__Exercise details__
Read the data line by line and say how many lines contain the string "Park", giving the number alone.

(Stored items from a collection)

※

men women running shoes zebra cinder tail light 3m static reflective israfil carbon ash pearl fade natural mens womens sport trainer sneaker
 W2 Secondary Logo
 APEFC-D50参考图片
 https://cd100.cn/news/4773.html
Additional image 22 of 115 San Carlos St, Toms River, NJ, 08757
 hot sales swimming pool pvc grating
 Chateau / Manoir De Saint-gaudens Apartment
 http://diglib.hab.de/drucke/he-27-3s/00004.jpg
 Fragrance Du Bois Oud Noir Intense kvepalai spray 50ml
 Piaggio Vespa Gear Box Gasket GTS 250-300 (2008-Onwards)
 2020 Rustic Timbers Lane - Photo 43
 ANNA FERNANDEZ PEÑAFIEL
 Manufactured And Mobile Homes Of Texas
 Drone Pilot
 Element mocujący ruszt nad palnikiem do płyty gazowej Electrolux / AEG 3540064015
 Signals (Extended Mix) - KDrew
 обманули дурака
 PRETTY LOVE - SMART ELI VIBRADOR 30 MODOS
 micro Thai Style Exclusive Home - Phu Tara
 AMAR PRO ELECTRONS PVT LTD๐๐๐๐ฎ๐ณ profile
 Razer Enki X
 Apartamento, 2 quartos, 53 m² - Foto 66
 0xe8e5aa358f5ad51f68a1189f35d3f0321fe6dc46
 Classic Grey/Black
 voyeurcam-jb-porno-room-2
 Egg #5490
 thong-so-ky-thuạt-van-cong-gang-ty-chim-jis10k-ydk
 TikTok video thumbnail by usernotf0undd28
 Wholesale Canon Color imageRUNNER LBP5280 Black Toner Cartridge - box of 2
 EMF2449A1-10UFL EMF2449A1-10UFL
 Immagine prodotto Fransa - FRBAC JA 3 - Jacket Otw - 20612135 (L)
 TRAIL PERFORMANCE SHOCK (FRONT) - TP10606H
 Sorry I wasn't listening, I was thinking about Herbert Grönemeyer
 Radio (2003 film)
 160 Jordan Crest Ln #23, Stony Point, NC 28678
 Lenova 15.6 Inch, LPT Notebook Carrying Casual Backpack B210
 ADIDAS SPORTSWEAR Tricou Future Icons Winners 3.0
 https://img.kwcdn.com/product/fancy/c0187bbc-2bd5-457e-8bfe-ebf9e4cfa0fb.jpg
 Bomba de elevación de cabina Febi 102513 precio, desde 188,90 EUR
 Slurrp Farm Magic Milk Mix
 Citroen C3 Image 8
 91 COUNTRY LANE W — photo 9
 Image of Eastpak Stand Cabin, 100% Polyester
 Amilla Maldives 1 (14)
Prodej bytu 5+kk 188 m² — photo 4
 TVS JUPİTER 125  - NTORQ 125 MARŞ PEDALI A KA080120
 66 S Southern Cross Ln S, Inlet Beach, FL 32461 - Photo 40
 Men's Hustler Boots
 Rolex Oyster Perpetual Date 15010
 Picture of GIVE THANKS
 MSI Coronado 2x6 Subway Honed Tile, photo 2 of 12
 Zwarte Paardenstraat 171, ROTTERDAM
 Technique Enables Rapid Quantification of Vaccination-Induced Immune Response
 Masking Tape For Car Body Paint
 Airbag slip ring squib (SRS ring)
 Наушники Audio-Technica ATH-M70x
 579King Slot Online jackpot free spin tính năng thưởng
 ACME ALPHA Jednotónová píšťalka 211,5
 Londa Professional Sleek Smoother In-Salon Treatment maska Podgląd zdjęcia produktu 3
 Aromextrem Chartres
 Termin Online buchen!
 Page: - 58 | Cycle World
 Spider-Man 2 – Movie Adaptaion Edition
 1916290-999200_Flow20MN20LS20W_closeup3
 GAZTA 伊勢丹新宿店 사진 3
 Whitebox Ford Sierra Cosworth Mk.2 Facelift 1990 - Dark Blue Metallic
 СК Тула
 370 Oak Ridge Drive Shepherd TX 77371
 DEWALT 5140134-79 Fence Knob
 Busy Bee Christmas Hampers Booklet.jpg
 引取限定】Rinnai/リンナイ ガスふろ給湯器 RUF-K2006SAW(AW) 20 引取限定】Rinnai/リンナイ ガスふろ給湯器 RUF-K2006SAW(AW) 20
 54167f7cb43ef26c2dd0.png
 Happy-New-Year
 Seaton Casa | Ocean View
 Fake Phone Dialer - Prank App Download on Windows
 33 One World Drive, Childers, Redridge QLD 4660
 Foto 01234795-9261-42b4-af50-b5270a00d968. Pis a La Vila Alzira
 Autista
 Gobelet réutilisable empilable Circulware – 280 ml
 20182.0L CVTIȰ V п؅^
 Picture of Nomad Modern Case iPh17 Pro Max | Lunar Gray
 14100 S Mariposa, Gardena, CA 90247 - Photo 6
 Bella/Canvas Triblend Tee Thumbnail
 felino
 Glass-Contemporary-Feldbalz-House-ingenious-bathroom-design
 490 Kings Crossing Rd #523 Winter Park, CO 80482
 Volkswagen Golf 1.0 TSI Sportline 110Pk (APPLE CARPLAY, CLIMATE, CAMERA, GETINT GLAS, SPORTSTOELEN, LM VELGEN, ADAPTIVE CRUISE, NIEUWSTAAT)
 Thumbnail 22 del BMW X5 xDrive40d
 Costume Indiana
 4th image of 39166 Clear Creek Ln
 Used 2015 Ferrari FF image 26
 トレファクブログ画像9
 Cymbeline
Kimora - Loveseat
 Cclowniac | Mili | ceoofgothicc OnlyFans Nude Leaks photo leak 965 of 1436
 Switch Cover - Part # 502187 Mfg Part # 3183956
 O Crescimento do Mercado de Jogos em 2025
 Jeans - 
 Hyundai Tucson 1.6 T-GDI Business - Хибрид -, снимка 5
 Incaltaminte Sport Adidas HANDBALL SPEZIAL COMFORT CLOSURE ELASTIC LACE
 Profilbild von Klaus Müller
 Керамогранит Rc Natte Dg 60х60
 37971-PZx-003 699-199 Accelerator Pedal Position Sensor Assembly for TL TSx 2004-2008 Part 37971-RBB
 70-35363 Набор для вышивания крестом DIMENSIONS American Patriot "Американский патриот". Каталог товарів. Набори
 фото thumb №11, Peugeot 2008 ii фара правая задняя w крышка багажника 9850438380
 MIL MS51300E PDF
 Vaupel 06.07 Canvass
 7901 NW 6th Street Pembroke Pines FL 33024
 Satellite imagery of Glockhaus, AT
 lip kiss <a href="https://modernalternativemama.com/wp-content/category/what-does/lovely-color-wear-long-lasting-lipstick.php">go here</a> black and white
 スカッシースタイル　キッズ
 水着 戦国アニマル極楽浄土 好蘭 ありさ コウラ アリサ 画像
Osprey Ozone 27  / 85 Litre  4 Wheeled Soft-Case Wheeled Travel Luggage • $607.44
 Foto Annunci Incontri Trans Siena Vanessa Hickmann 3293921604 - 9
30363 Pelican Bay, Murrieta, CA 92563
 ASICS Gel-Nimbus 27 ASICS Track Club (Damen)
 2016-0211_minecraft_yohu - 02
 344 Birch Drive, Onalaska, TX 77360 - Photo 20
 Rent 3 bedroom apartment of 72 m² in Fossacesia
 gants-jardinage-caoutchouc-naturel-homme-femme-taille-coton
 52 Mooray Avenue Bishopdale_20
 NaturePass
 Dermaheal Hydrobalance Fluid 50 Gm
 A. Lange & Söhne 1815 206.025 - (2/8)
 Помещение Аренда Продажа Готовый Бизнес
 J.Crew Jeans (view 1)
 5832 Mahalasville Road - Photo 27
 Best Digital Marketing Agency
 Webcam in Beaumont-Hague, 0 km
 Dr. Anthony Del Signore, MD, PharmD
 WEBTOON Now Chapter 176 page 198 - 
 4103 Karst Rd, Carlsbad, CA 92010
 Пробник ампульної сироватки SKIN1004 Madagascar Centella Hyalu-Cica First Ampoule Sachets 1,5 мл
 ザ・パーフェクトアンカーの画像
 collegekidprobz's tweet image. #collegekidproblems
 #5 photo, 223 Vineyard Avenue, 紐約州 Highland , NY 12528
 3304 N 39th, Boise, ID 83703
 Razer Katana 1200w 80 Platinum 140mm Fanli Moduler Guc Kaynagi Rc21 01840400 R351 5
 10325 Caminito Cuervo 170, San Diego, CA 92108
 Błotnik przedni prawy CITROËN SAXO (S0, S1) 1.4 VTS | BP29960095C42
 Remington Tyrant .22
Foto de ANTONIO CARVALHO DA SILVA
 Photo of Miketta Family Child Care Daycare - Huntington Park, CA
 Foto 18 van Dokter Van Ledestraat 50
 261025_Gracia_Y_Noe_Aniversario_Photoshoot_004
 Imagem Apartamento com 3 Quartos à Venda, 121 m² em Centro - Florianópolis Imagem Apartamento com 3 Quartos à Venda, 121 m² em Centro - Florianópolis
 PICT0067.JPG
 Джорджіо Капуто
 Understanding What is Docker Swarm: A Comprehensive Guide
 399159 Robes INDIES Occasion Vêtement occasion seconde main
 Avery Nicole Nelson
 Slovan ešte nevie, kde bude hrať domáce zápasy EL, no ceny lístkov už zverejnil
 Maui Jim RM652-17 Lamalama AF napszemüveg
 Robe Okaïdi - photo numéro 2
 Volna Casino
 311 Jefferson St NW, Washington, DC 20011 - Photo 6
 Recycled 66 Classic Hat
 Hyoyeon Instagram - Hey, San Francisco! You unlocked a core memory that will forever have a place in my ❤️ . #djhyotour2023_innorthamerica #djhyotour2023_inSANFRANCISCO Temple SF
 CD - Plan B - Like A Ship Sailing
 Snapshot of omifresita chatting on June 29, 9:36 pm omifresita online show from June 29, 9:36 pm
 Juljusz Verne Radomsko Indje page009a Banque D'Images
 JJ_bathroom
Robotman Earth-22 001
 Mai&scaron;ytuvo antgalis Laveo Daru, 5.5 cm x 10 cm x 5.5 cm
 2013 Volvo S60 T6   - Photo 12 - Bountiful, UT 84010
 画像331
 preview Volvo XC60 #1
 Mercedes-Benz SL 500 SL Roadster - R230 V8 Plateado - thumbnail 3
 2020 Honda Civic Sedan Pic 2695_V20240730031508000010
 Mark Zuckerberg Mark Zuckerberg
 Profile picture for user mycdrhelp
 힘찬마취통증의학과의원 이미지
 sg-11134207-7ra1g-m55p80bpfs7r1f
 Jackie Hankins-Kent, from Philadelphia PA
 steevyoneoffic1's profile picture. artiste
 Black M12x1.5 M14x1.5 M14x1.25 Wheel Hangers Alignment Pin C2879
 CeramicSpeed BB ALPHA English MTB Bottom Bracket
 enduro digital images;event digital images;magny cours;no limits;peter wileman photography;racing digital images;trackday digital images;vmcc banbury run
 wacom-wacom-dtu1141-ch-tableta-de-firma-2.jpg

※

__Written response__
2